My aponogetons are sending shoots to the surface and one has started growing a flower already while two other will likely be tommorow. Is it possible to collect seeds and grow them? If so can anyone provide information on pollinating and growing... Thanks

ps i searched on google and couldn't come up with anything.

:roll:


----------



## Damon (Jan 18, 2005)

A lady's cosmetic brush (the smaller the better) is great for pollinating them. Lightly brush one and then the other once they have flowered. Do this at least twice and gently. The seeds will usually fall into the aquarium in a week or so. Check daily for them as most fish will eat them.


----------



## TheOldSalt (Jan 28, 2005)

I've done that lots of times, but I've never seen any seeds. However, I've gotten lots of baby plants, so it must have worked.
In fact, I have two Aponogeton tanks right now which are chock full of tiny little young plants, and in one of those tanks I didn't even bother trying to pollinate them. They just bumped into each other, I guess. For the past month or so I've had several blooms in ,er, bloom, at any given time, and they're so plentiful that they're growing right up against each other in some cases.

Since the baby plants don't have bulbs to feed them, I add "Natural Aquarium Vital" to the tanks, and they are growing like crazy, and these tanks have undergravel filters in use!

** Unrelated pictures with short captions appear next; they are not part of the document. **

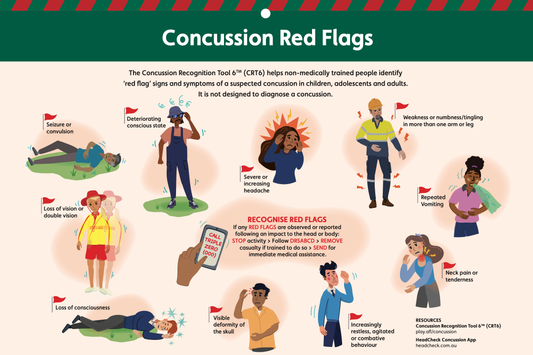 Workplace concussion red flags you shouldn’t ignore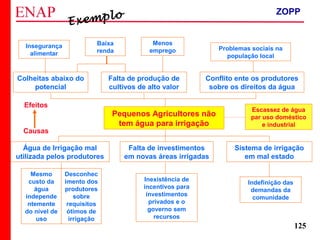 ZOPP e Quadro Lógico – Prof. Jackson De Toni
125
Conflito ente os produtores
sobre os direitos da água
Insegurança
alimentar
Baixa
renda
Colheitas abaixo do
potencial
Problemas sociais na
população local
Pequenos Agricultores não
tem água para irrigação
Falta de investimentos
em novas áreas irrigadas
Água de Irrigação mal
utilizada pelos produtores
Sistema de irrigação
em mal estado
Mesmo
custo da
água
independe
ntemente
do nível de
uso
Inexistência de
incentivos para
investimentos
privados e o
governo sem
recursos
Indefinição das
demandas da
comunidade
Efeitos
Causas
Desconhec
imento dos
produtores
sobre
requisitos
ótimos de
irrigação
Falta de produção de
cultivos de alto valor
Menos
emprego
Escassez de água
par uso doméstico
e industrial
Exemplo ZOPP
 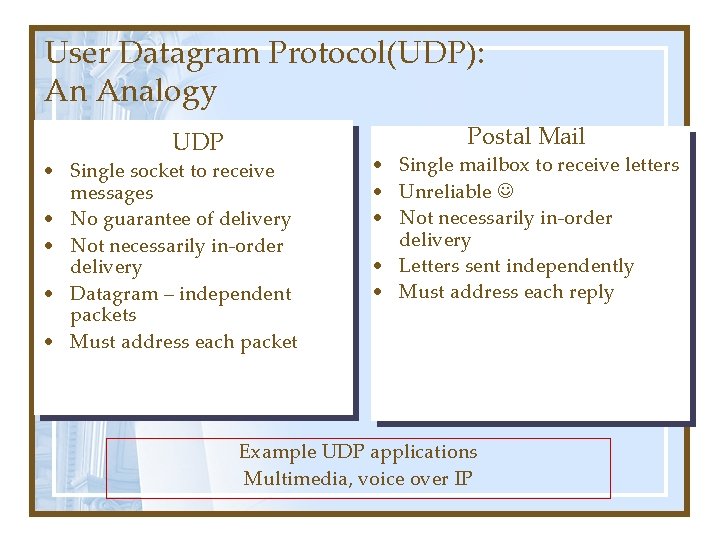 User Datagram Protocol(UDP): An Analogy UDP • Single socket to receive messages • No User Datagram Protocol(UDP): An Analogy UDP • Single socket to receive messages • No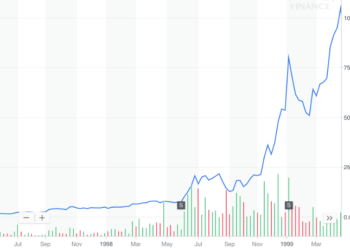 The Crypto Crash Isn’t a Crash, It’s a…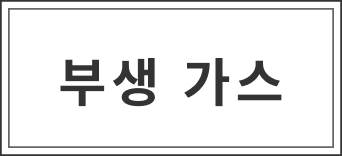 부생 가스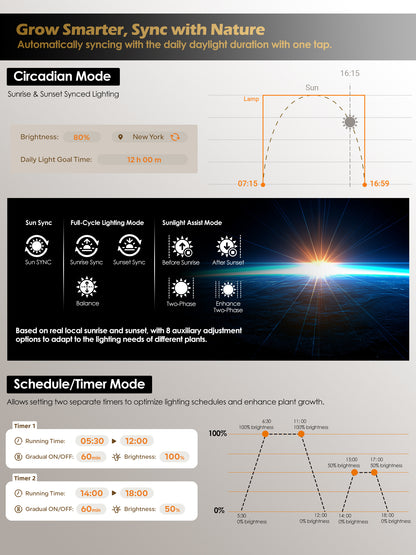 GLOWRIUM smart grow light circadian sunrise sunset sync and 2-phase custom schedule timer setting interface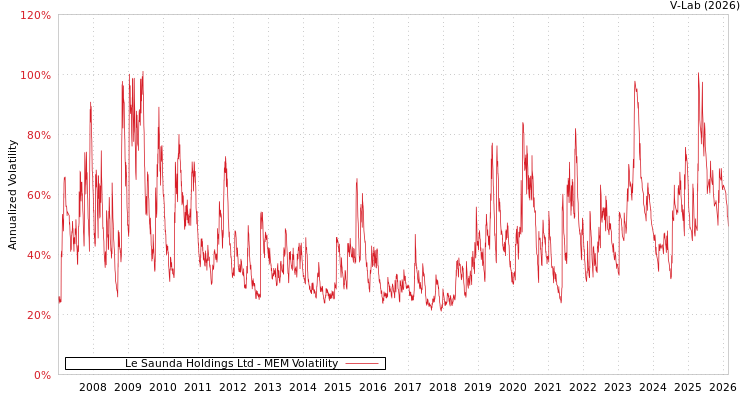 graph of Le Saunda Holdings Ltd MEM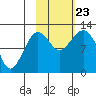 Oil Bay tide chart for Wednesday, October 23, 2024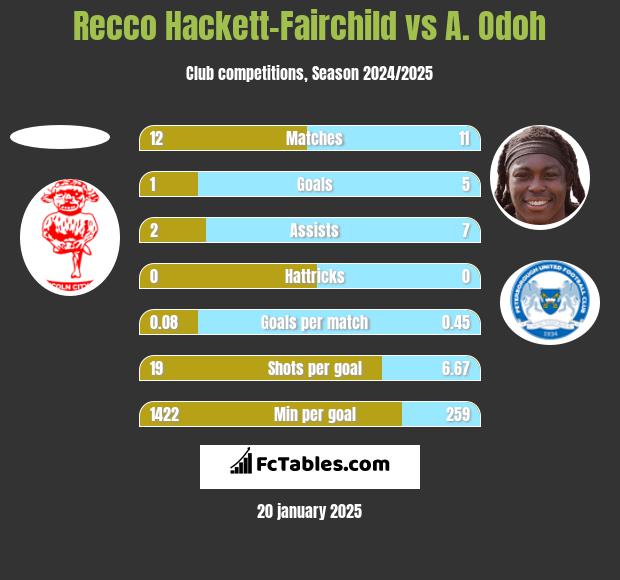 Recco Hackett-Fairchild vs A. Odoh h2h player stats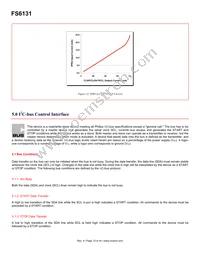 FS6131-01I-XTD Datasheet Page 12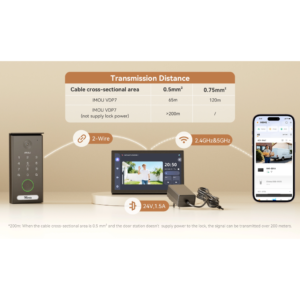 Vaizdo domofono rinkinys Imou VDP7 5MP WiFi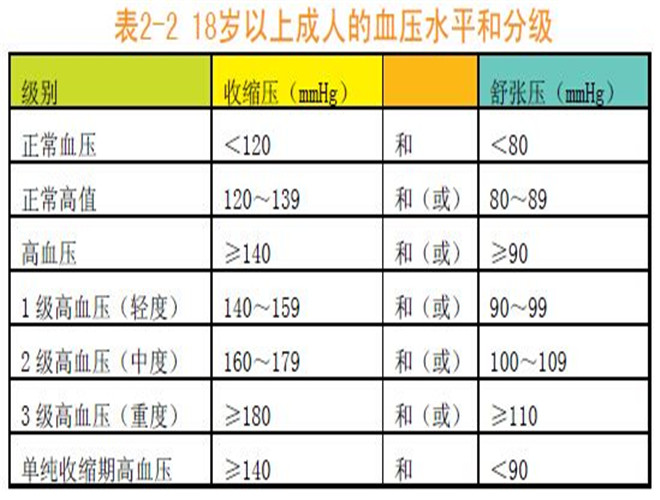 正常血压值的正常范围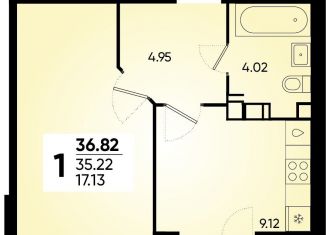 Продажа 1-комнатной квартиры, 36.8 м2, Краснодар, микрорайон Губернский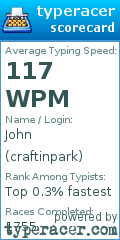 Scorecard for user craftinpark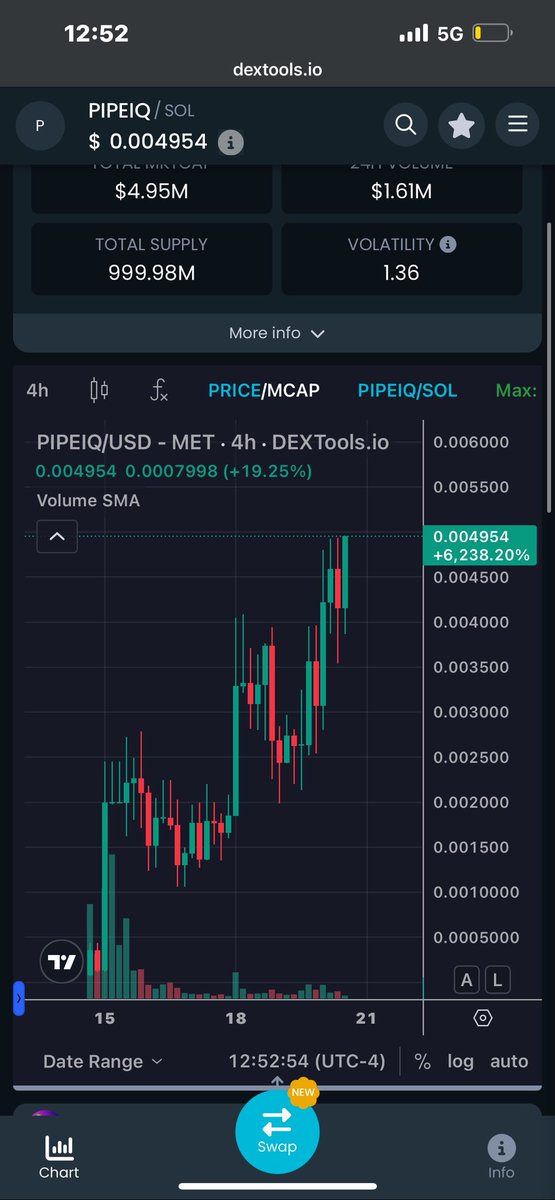$5M smashed! <a href="/pipeIQai/">PipeIQ</a> ! Real utility. Not a larp. Real dev. Doxxed. Real use case that is actually
Going to be used by an entire industry. Don’t fade dextools.io/app/en/solana/…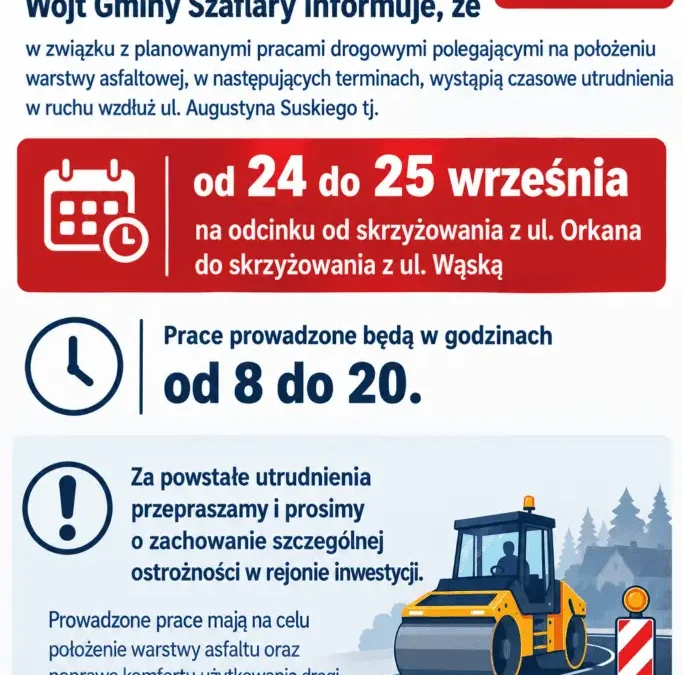Remont ul. Augustyna Suskiego w Szaflarach – utrudnienia 24 i 25 września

Now if I can just get my Marimo ball to get with the program...


----------



## Ownager2004 (Apr 4, 2005)

Ok so if i find some small plants growing would it be a good idea to transfer to like a 2L bottle and sit on a window sill? I dont really have any means of getting fertilizers as i haven't seen any in LFS... and dont feel like ordering online. Are there any DIY routes that i can get by with for fertilizer? If i put waste water from gravel vacs from main tank into the plant water would that be a sort of fertilizer?


----------